**Monday, April 15, 2013**

Humboldt-Universität zu Berlin

Institut für Informatik

Rudower Chaussee 25

12489 Berlin

Humboldt-Kabinett

** Lecture - 14:15**

*Abstract:*

We consider problems where the input data is initially uncertain but the exact
value of an input item can be obtained at a certain cost. For example, a
typical setting is that instead of an exact value, only an interval containing
the exact value is given. An update of an input item then reveals its exact
value. An algorithm performs a number of updates until it has gathered
sufficient information to output a correct solution to the problem. The goal is
to minimise the number of updates.

We discuss several problems in the setting of computing with uncertainty,
including the minimum spanning tree problem and the minimum multicut problem in
trees. Algorithms are evaluated using competitive analysis, comparing the
number of updates that the algorithm makes on an instance of the problem to the
best possible number of updates that suffices to solve that instance.
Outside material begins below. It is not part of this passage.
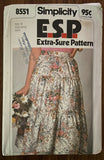 Simplicity 8551 vintage 1970s tiered skirt pattern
(The talk is based on joint work with Michael Hoffmann, Frank Kammer, Danny
Krizanc, Matus Mihalak, and Rajeev Raman.)

** Colloquium - 16:00**

*Abstract:*

Network Creation Games attempt to model the creation and evolution of
complex networks, which are build in a decentralized way by selfish
agents. Each selfish agent tries to balance the two contradicting
objectives of maximizing the quality of network usage and minimizing the
number of (costly) links that have to be created and maintained to
connect to the network. Clearly, the Internet is a prominent example of
such a network and it can be considered as an equilibrium state of a
Network Creation Game. Here, the agents are Internet Service Providers
and links connect different autonomous systems.
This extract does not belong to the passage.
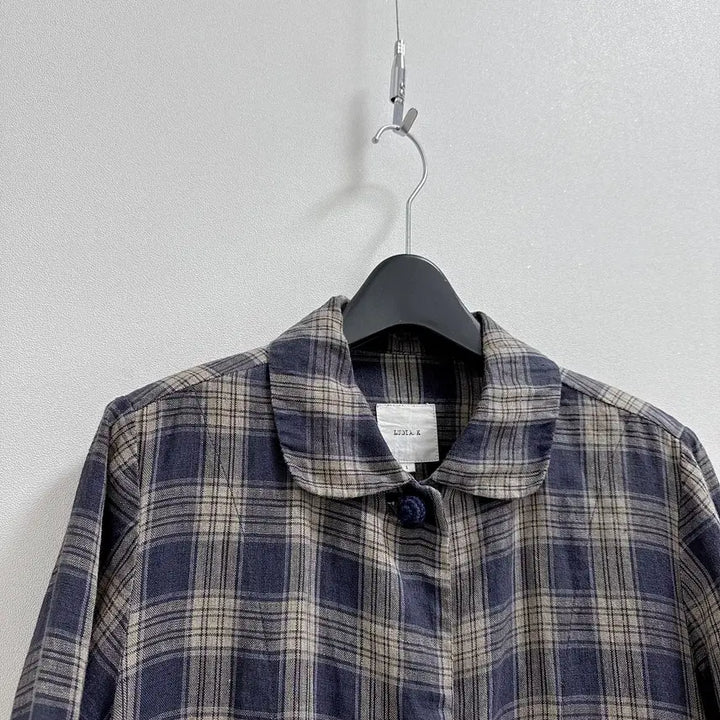 [BUNJANG] LUDIA K Check Linen Long Jacket / 루디아케이 체크 린넨 롱 자켓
I will present insights on the impact of greediness in the Network
Creation Games introduced by Fabrikant et al. [PODC'03]. Based on the
ideas that ISPs prefer smooth adaptations over radically re-designing
their infrastructure and that computing a best possible strategy is
NP-hard, I will introduce and analyze a very natural solution concept,
called the Greedy Equilibrium.

It turns out that naive greedy play leads to remarkably stable networks
in the SUM-version, where agents attempt to minimize their average
distance to all other agents. For the MAX-version, where agents attempt
to minimize their maximum distance, I will present positive results for
tree-networks and a strong negative result for general networks.